Liturgy&Music

XXIIIth Sunday of Ordinary Time

Massimo Palombella

Giovanni Andrea De Magistris, Gesù fra gli Apostoli, affresco sec XVI, Chiesa dei Santi Martino e Giorgio (Caldarola)

In today’s Gospel (Lk 14:25-33) Jesus defines a profound criterion for the true quality of our life.
The true relationship with the Lord, to really follow the Lord, requires the slow maturation of the capacity to find oneself “beyond”. “Beyond” our relationship with our parents, our brothers and sisters, our wife, our husband, our children, “beyond” our very notion of “life”.
To find oneself “beyond” means to make that necessary “separation” that enables us to be free, to distinguish the occasional affection from the true good. Only by moving ‘beyond’ can we see reality and live in reality. Only by staying in the “beyond” do we become capable – not without effort and suffering – of making choices for truth and the true good.
It is an arduous and delicate journey that gradually enables us to distinguish, to separate emotional blackmail from authentic loving, the need to be loved and recognised from the truth of our own selves. A journey that enables us to grasp the truth about our parents, our wife, our husband, our children, ourselves, to lead us to true unity, to the true integration of everything, to know how to love in reality, with the good and the bad, with the qualities and limitations of everyone, to really know how to forgive, starting with ourselves.

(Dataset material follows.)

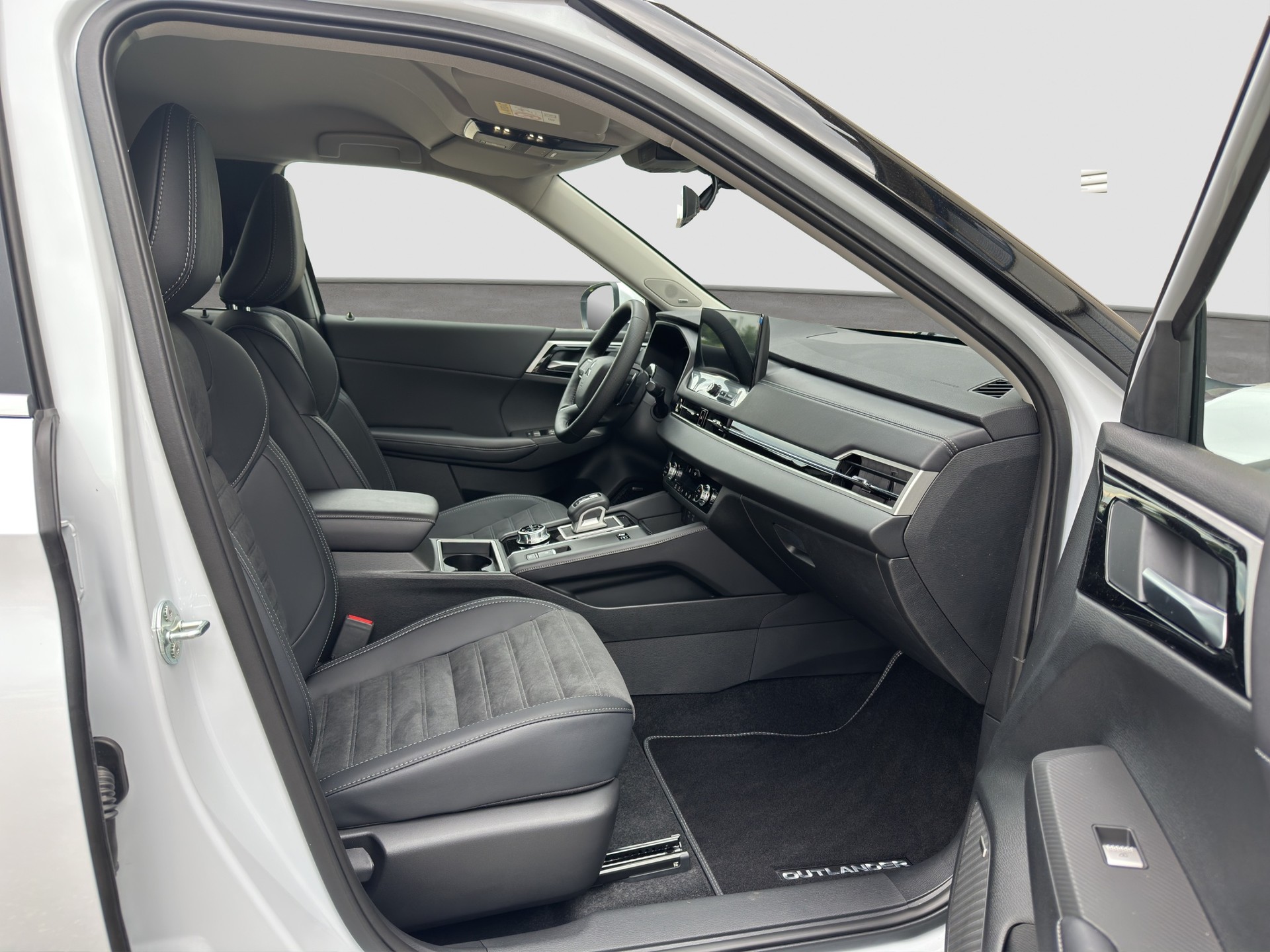MITSUBISHI Outlander 2.4 PHEV Intense 4WD Automatic-image-15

The Offertory Antiphon of today’s celebration is taken from Chapter 9 of the Book of Daniel (Dan 9:4, 17. 19) with the following text:
“Oravi Deum meum ego Daniel, dicens:
exaudi, Domine, preces servi tui:
illumina faciem tuam super sanctuarium tuum:
et propitius intende populum istum,
super quem invocatum est nomen tuum, Deus.”

(I prayed to my God, I, Daniel, and I said:
Hearken, O Lord, unto the prayers of your servant,
and cause your face to shine upon your sanctuary;
look with forgiveness upon this nation over whom
your name has been invoked, O God).

The attached music, in Gregorian Chant, is taken from the Graduale Triplex published in Solesmes in 1979.
The performance is by the Schola Antiqua conducted by Juan Carlos Asensio Palacios. The musical track can be found on the CD “Terribilis Est. Liturgia de la Dedicación de la Iglesia y Rito Visigótico de Consagración del Altar” published in 2004 by Pneuma.

A blessed Sunday and heartfelt greetings.